▶ **REQUIRED WORK**: A faithful copy is required: transcribe each line below exactly, minus the pictures.

▶ **INFORMATION SHOWN**:
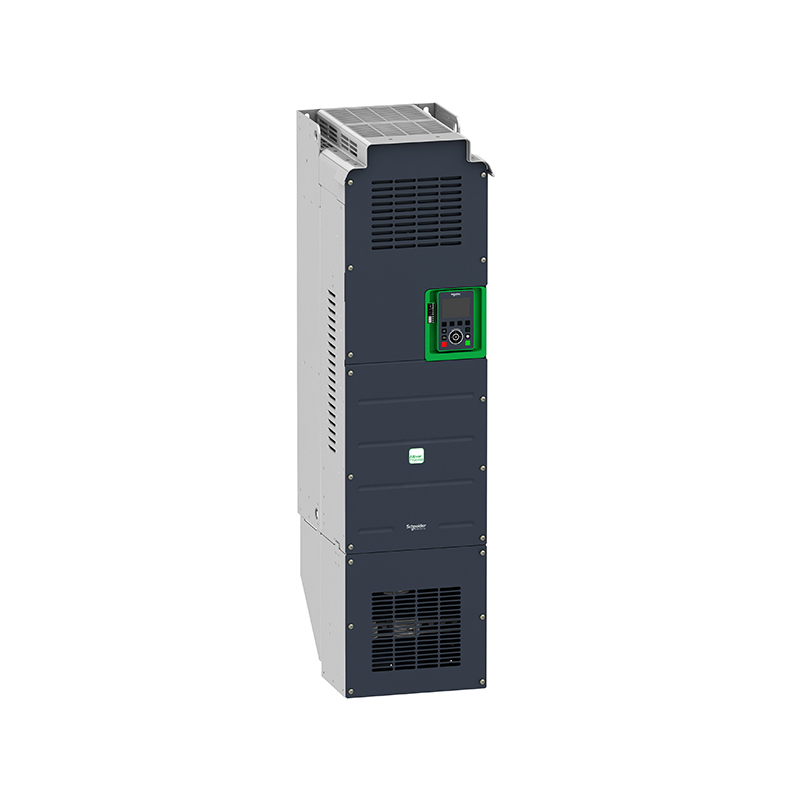 施耐德 ATV630通用变频器 ATV-630C13N4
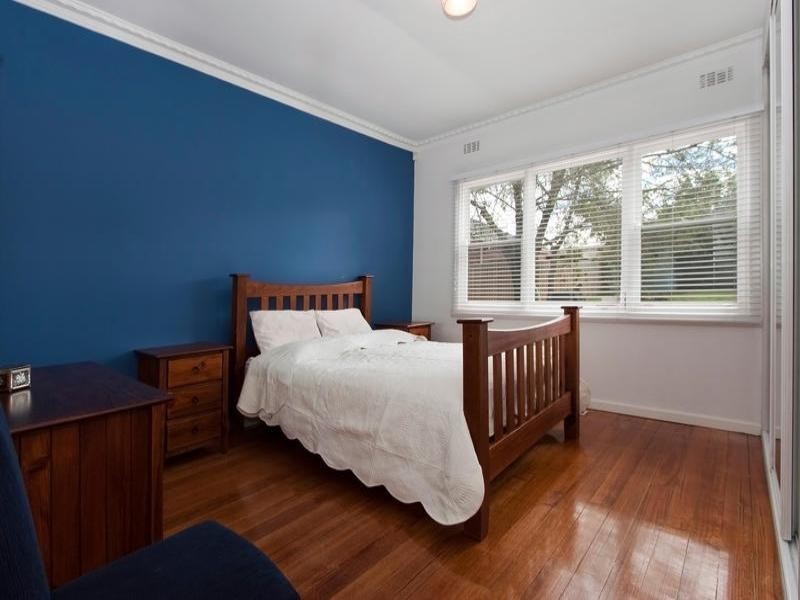 1845 Dandenong Road, Oakleigh East VIC 3166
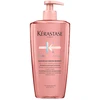 Image de Kérastase Shampoo Chroma Absolu Bain Riche Chroma Respect - 500 ml | Sans silicone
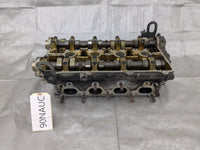 Mazda Miata MX-5 OEM part product photo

▶ **WRITTEN RESPONSE**:
 施耐德 ATV630通用变频器 ATV-630C13N4
 1845 Dandenong Road, Oakleigh East VIC 3166
 Image de Kérastase Shampoo Chroma Absolu Bain Riche Chroma Respect - 500 ml | Sans silicone
 Mazda Miata MX-5 OEM part product photo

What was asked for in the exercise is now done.